A scoring engine applies weighted formulas or trained LightGBM re-rankers to prediction sets. The one-click /annotate endpoint automates the entire workflow from FASTA upload to ranked GO term prediction. The full operation catalogue is documented in Operations, including the four ephemeral consumer operations that fan out GPU and KNN work across batch queues.

Design principle

New operations are added by implementing the Operation protocol and registering the instance at worker startup. No changes to the infrastructure or execution layers are required.

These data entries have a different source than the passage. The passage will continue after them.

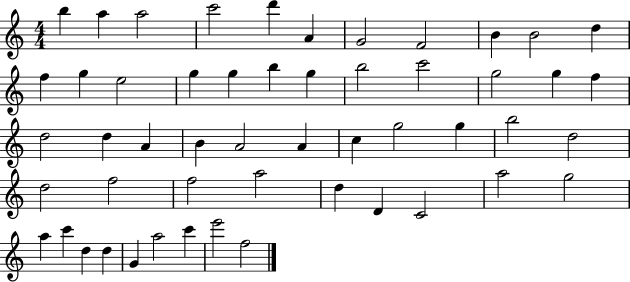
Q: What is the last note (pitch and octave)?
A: F5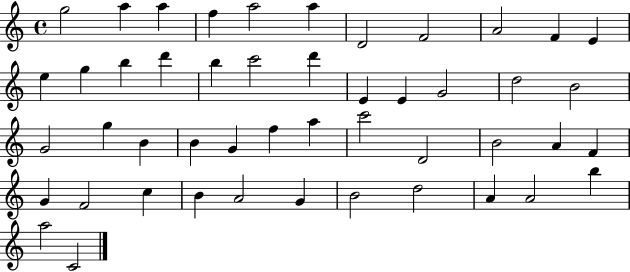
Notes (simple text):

G5/h A5/q A5/q F5/q A5/h A5/q D4/h F4/h A4/h F4/q E4/q E5/q G5/q B5/q D6/q B5/q C6/h D6/q E4/q E4/q G4/h D5/h B4/h G4/h G5/q B4/q B4/q G4/q F5/q A5/q C6/h D4/h B4/h A4/q F4/q G4/q F4/h C5/q B4/q A4/h G4/q B4/h D5/h A4/q A4/h B5/q A5/h C4/h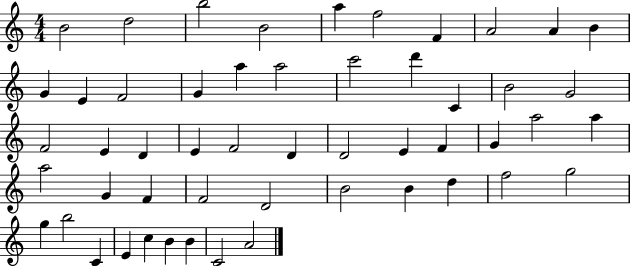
B4/h D5/h B5/h B4/h A5/q F5/h F4/q A4/h A4/q B4/q G4/q E4/q F4/h G4/q A5/q A5/h C6/h D6/q C4/q B4/h G4/h F4/h E4/q D4/q E4/q F4/h D4/q D4/h E4/q F4/q G4/q A5/h A5/q A5/h G4/q F4/q F4/h D4/h B4/h B4/q D5/q F5/h G5/h G5/q B5/h C4/q E4/q C5/q B4/q B4/q C4/h A4/h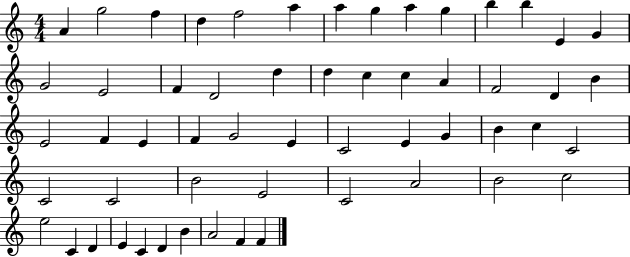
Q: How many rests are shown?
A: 0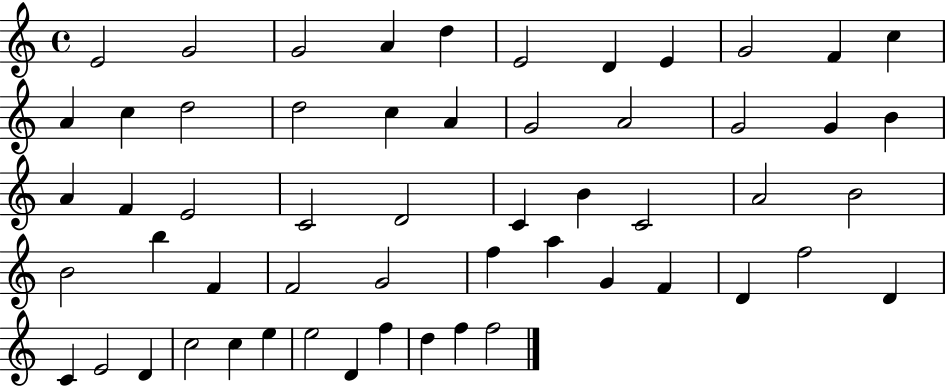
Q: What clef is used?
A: treble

This is the property that makes Hypothesis H1 testable: if a new workflow requires modifications outside the domain layer, the architectural claim is falsified.

Thesis outline¶

The remainder of this thesis is organised as follows.

Related work situates PROTEA against existing workflow engines, the CAFA evaluation tradition, homology- and embedding-based GO prediction methods, and the protein language models that supply its embedding backends.
Architecture describes the system architecture in five chapters: the runtime stack and requirements (system_overview), the two-session job lifecycle (job_lifecycle), the versioned data model (data_model), the operation catalogue (operations), and the evaluation protocol with formal NK/LK/PK definitions (evaluation).
Results presents the experimental evaluation: ablations over k and the scoring function, the three re-ranker iterations, the external benchmark against Pannzer2 / InterProScan / eggNOG-mapper, and the quantitative data-leakage analysis.
Appendix contains installation and quickstart instructions, a configuration reference, how-to guides, operational runbooks, and architectural decision records (ADRs) for every non-obvious design choice.
References lists every cited work.

Readers interested in architecture should start with System Overview; readers interested in empirical results should jump directly to Results; readers interested in reproducing the pipeline end-to-end should follow Installation and Quickstart and then the how-to guides.